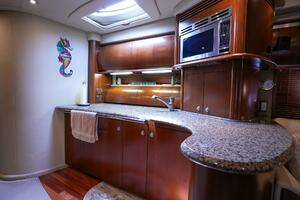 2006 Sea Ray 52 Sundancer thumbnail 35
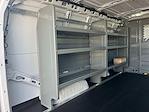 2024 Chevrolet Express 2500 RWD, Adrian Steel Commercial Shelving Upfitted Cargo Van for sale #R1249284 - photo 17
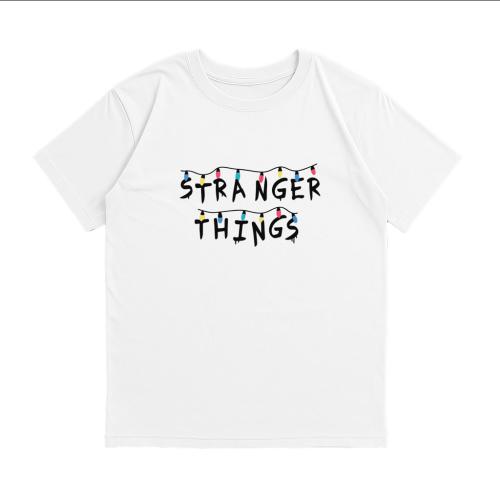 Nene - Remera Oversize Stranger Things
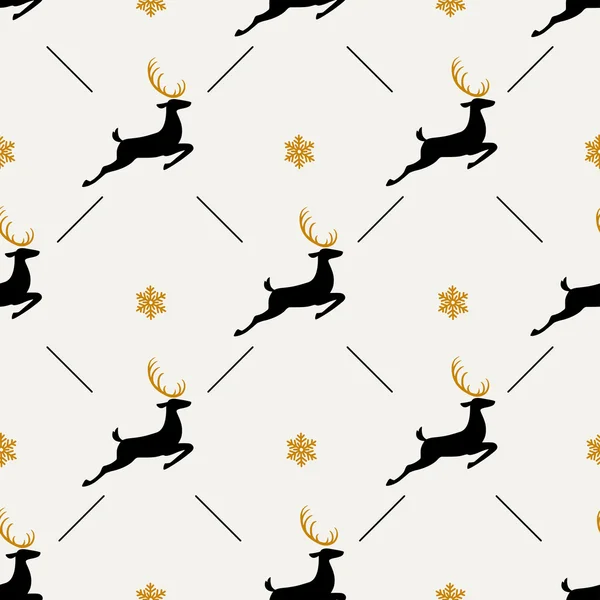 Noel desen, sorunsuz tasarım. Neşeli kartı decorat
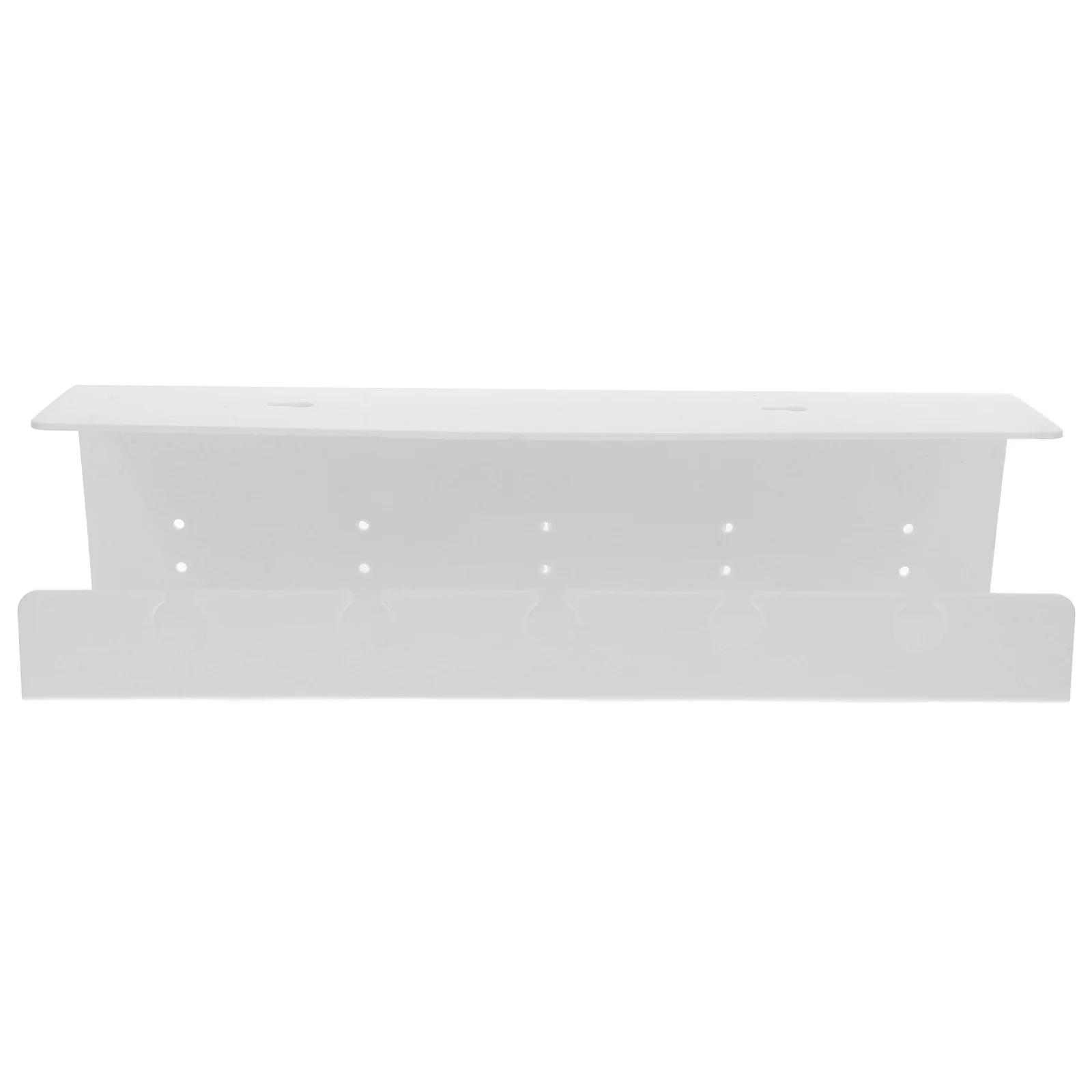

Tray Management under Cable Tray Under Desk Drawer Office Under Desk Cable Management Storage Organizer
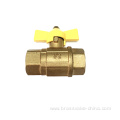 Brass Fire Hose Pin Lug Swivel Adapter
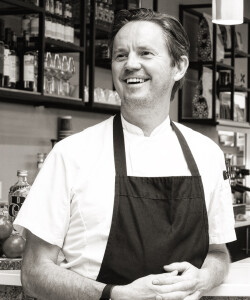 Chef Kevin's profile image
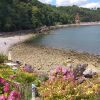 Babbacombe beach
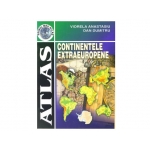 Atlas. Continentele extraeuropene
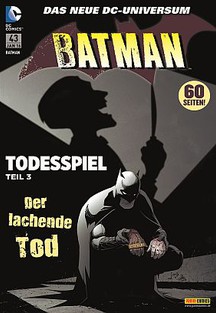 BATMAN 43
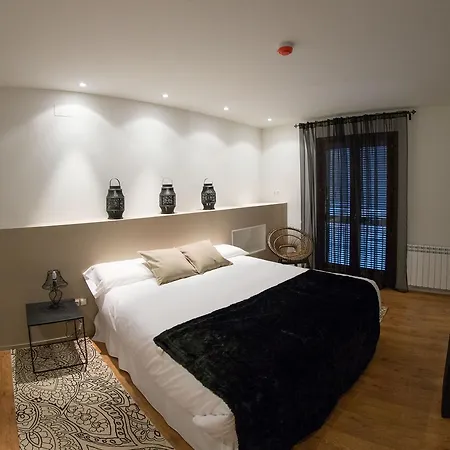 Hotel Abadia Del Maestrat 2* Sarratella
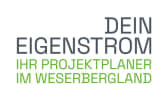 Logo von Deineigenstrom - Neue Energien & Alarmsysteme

--

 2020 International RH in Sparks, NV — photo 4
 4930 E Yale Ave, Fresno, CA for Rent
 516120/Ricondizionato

* * *

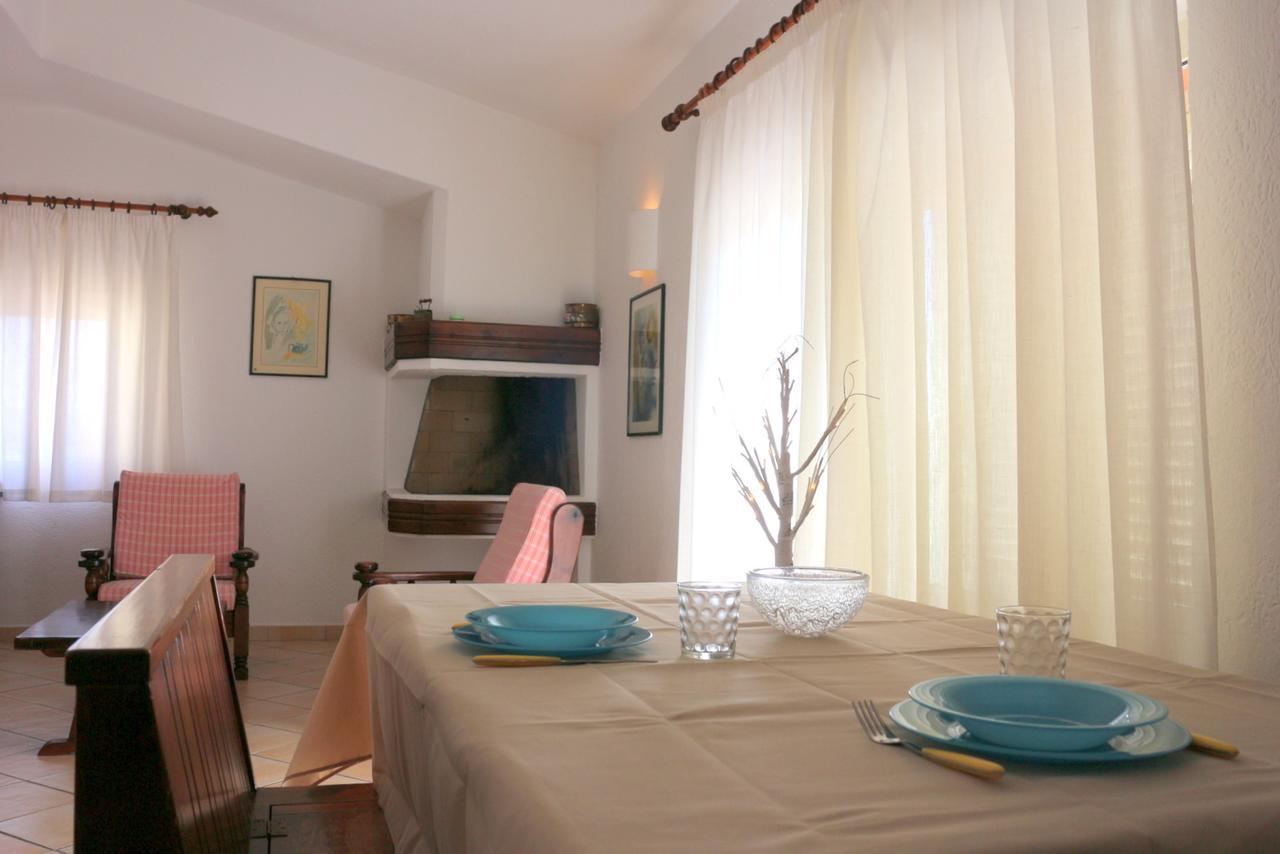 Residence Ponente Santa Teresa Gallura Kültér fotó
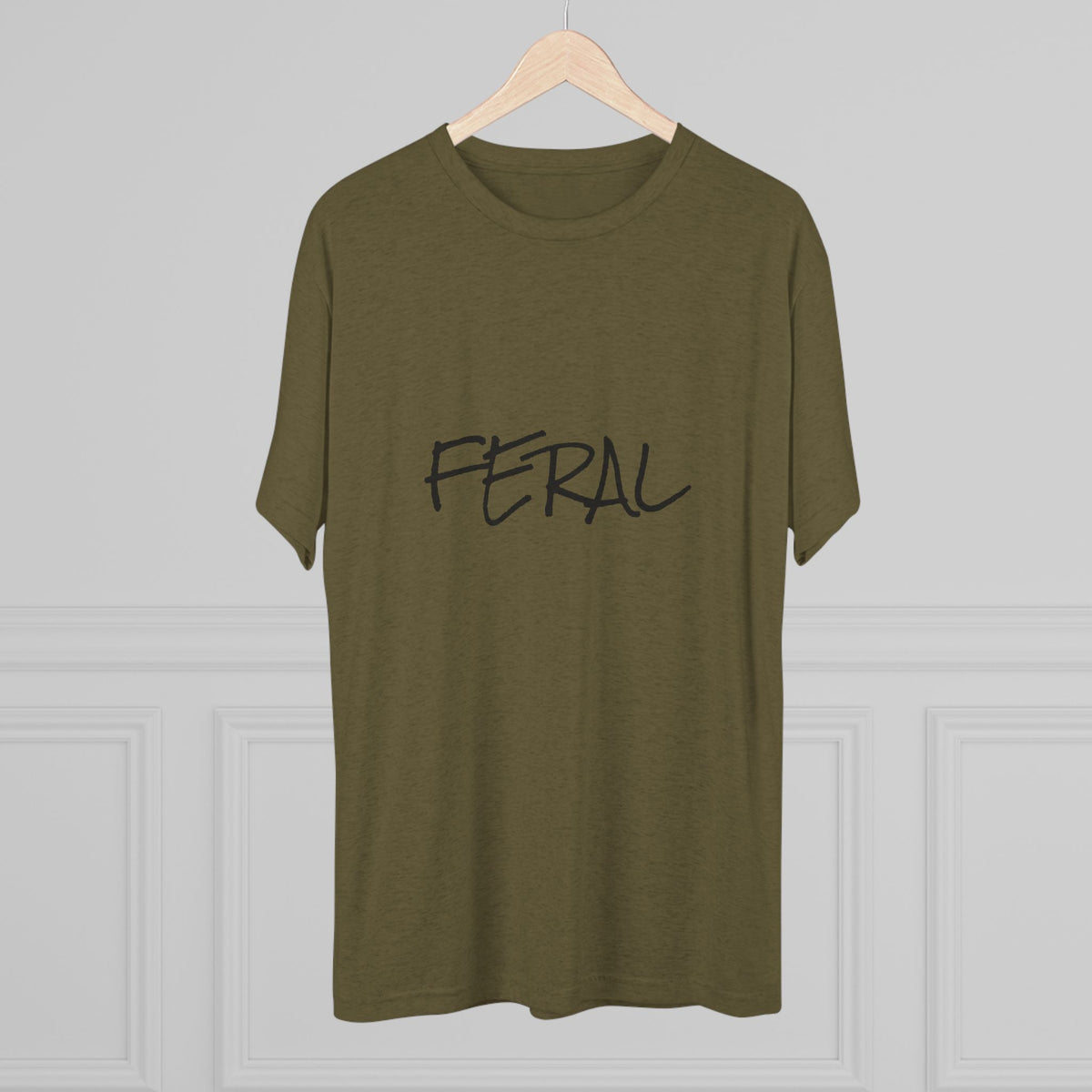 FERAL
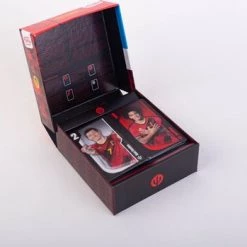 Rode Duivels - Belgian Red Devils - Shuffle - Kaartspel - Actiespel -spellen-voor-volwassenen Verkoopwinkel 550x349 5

▶ [Work order]
Give back exactly, and solely, the section of the data above bounded by the line containing "2006 Sea Ray 52 Sundancer thumbnail 35" and the line containing "Logo von Deineigenstrom", both bounding lines included and pictures omitted.

▶ [Output of the exercise]
 2006 Sea Ray 52 Sundancer thumbnail 35
 2024 Chevrolet Express 2500 RWD, Adrian Steel Commercial Shelving Upfitted Cargo Van for sale #R1249284 - photo 17
 Nene - Remera Oversize Stranger Things
 Noel desen, sorunsuz tasarım. Neşeli kartı decorat

Tray Management under Cable Tray Under Desk Drawer Office Under Desk Cable Management Storage Organizer
 Brass Fire Hose Pin Lug Swivel Adapter
 Chef Kevin's profile image
 Babbacombe beach
 Atlas. Continentele extraeuropene
 BATMAN 43
 Hotel Abadia Del Maestrat 2* Sarratella
 Logo von Deineigenstrom - Neue Energien & Alarmsysteme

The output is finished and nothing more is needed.